**Projects**

## Quantum maps

Quantum
maps provide the simplest, yet highly non-trivial, arena for the
investigation of the quantum properties of chaotic systems. As simple
models of Poincare sections of realistic Hamiltonians or of time
dependent "kicked" systems, they provide a testing ground for
semiclassical approximations, correlations, universalities,
localization, etc.

We have developed techniques for the construction, semiclassical
behaviour and phase space description of the baker's map, the Smale
horseshoe, cat maps,etc.

## Quantum billiards

Billiards
in 2-D provide some of the best realistic models where wave and
particle behaviour can be studied and related. Besides their intrinsic
theoretical interest they describe the behaviour of ballistic electrons
in mesoscopic cavities or of light in optical microcavities.

The
group has studied extensively the highly excited spectrum of plane
chaotic billiards and its semiclassical description in terms of
periodic orbits. A very efficient "scaling" method for the precise
calculation of very excited eigenstates hasbeen developed, wich is now
the best available.

A theory of short periodic orbits is under active development with aim
of taming the exponential increase in the number of periodic orbits
needed for the semiclassical description of spectral properties.

## Quantum algorithms

In
collaboration with J. P. Paz at the Phys. Dep. of the Univ. of Buenos
Aires, we are studying quantum algorithms viewed as quantum maps. Thus,
we can apply semiclassical techniques, phase space analysis, and long
time behaviour characteristics of quantum maps to the operation of
quantum circuits, providing a novel approach in this area.

## Transport phenomena in mesoscopic systems

This
program is developed in collaboration with A. Fendrik and M.J. Sanchez
at the Physics Department (University of Buenos Aires) and aims at the
application of the general methods of chaotic dynamics to the study of
mesoscopic systems.
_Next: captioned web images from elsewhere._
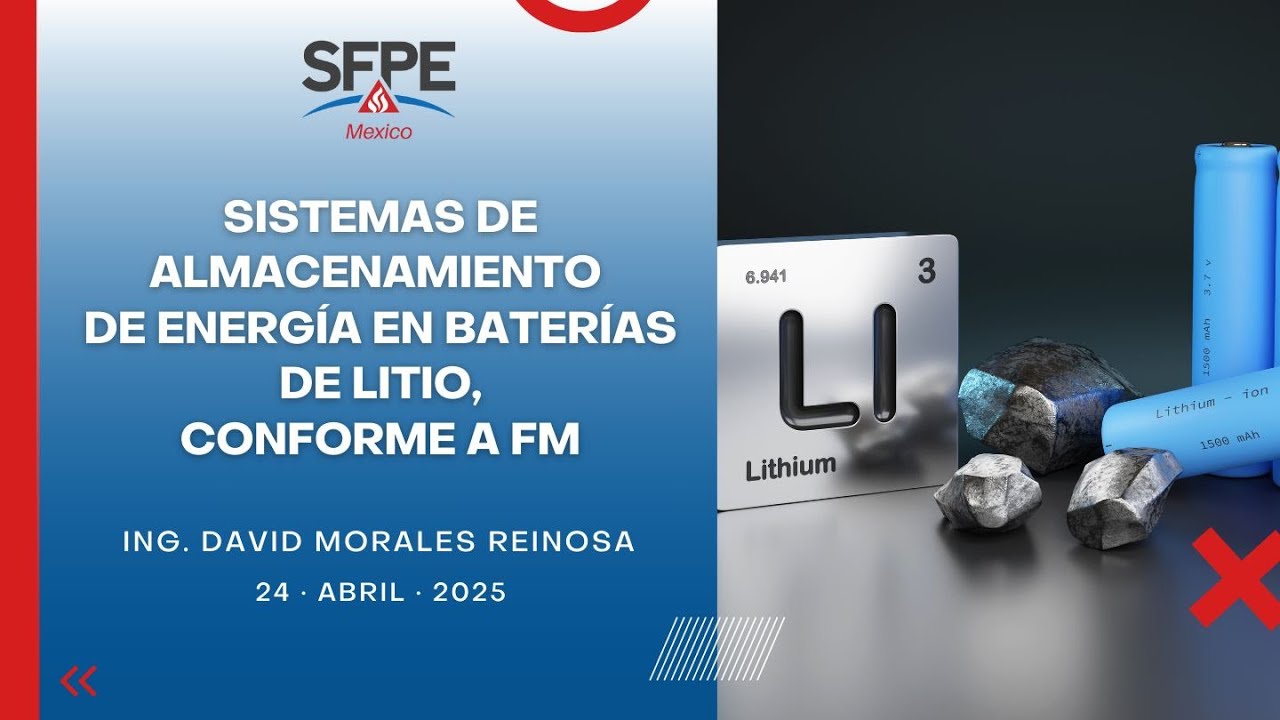 SFPE Mexico Chapter 🔵 | Sistemas de Almacenamiento de Energia en Baterias de Litio FM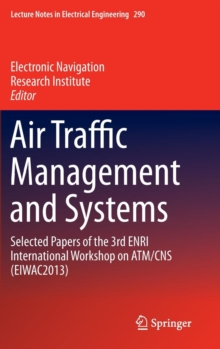 Air Traffic Management and Systems : Selected Papers of the 3rd ENRI International Workshop on ATM/CNS (EIWAC2013), Hardback Book Air Traffic Management and Systems : Selected Papers of the 3rd ENRI International Workshop on ATM/CNS (EIWAC2013), Hardback Book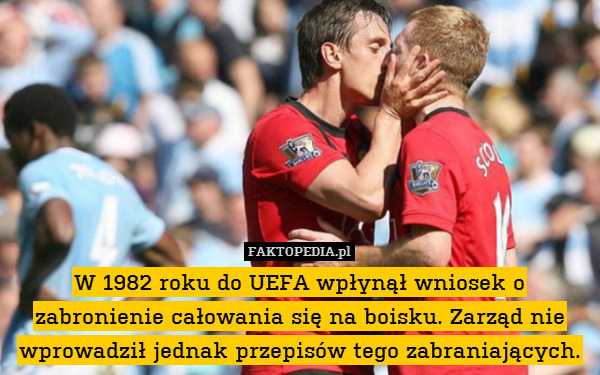 W 1982 roku do UEFA wpłynął wniosek o zabronienie całowania się na boisku. Zarząd nie wprowadził jednak przepisów tego zabraniających.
We have studied persistent currents and the effects
of surface roughness in ballistic cavities and the statistical
properties of the fluctuations in the total energy in a non interacting
fermion system.

## Chaotic scattering at the nuclear coulomb barrier

There
are interesting and characteristic anomalies in the heavy ion cross
sections and angular distributions at backwards angles that can be
interpreted as arising from chaotic scattering due to the coupling of
intrinsic and translational degrees of freedom at Coulomb barrier
energies. We have modeled these processes and proposed experiments to
test these characteristics.